The view from the doorknob factory.

So since then, they let me go in September of 2016, I’ve been on my own. I applied for and got my meager pension from 32 BJ- less than $500 a month and that went directly for our ever-increasing rent. I did more and more odd jobs, and dug deeper and deeper into my savings the weeks the phone didn’t ring.
Besides painting people’s apartments for cheap I fixed toilets, repaired a vandalized metal sculpture for a friend, built a giant birdcage for another friend and yes, replaced doorknobs. Though what I did at the doorknob factory was more in the way of production than installation.

snow repair

The vandalized sculpture by Sal Romano.

I survived, but there were times when I spent most of my day binge watching TV shows (watched The Sopranos in its entirety again) and scrolling Facebook.
I did spend a lot of time in our community garden this summer, that was something positive, but thanks to my lovely wife Danusia I knew I needed something more permanent, more structure.

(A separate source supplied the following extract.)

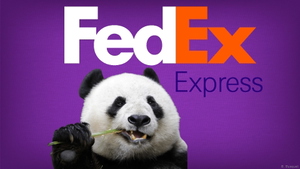 [CS] ¡Fedex Express Panda! - From Passenger to Cargo | 777-200ER | 8K  thumbnail 2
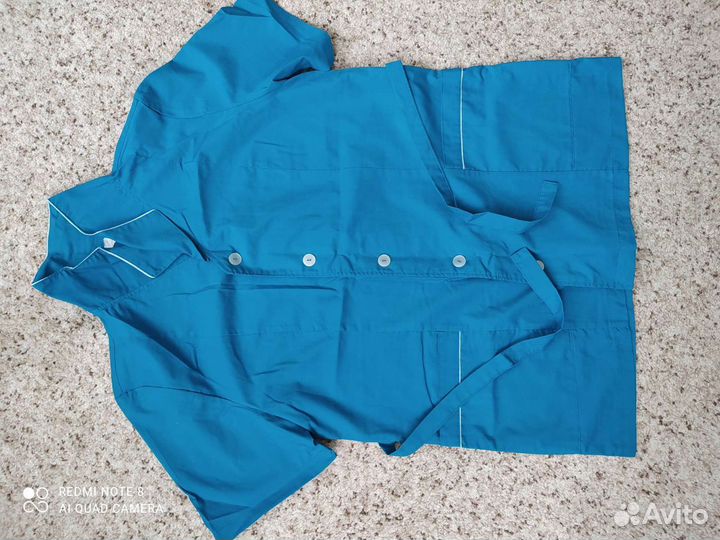 Спецодежда жен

So I started actively looking for work.

birdcage

The giant birdcage.

A friend told me about Ziprecruiter, a job listing website. There were other websites, but Ziprecruiter was the only one that yielded any interviews. I interviewed for a handyman job at the new Fresh Direct distribution warehouse in the south Bronx. I interviewed for the same at a white glove maintenance company on the upper west side, and I thought I aced both interviews, but neither called back.
Someone who emailed back about a personal assistant job and said they were out of the country but were sending me a check with my “sign on bonus” almost scammed me. Yeah, right, here’s my routing number. Of course I reported it to Ziprecruiter.
I interviewed for a job as a house painter at same fancy hotel in midtown two weeks ago and I thought the interview went terrible. The first thing the guy asked was why I’d left the job at Rudin. Then he asked me to identify what kind of paint was on the door of the room we were in. All I could really tell him was what the finish was.
So I was surprised as hell when I got a phone call the next day from the very nice HR woman at the hotel telling me they wanted to hire me and was I willing to take a drug test.
Well, I’ve been waiting eighteen years for someone to ask me to take a drug test so I jumped at the chance.
She called last Monday to say I’d passed the test and I went on Wednesday to fill out all my paperwork for my new job. I’m starting tomorrow, so today’s my last day of freedom. I decided to write this post because one of the things that had gone by the wayside was the maintaining of this blog. I wrote a lot more when I had less time than when I had all the time in the world. Something about having nothing to do kind of drains me.
But if you are of a certain age and looking for work, don’t despair. If you are willing you will find work. If a guy like me, who just turned sixty-three last summer can get a new job, so can you. All it takes is some willingness.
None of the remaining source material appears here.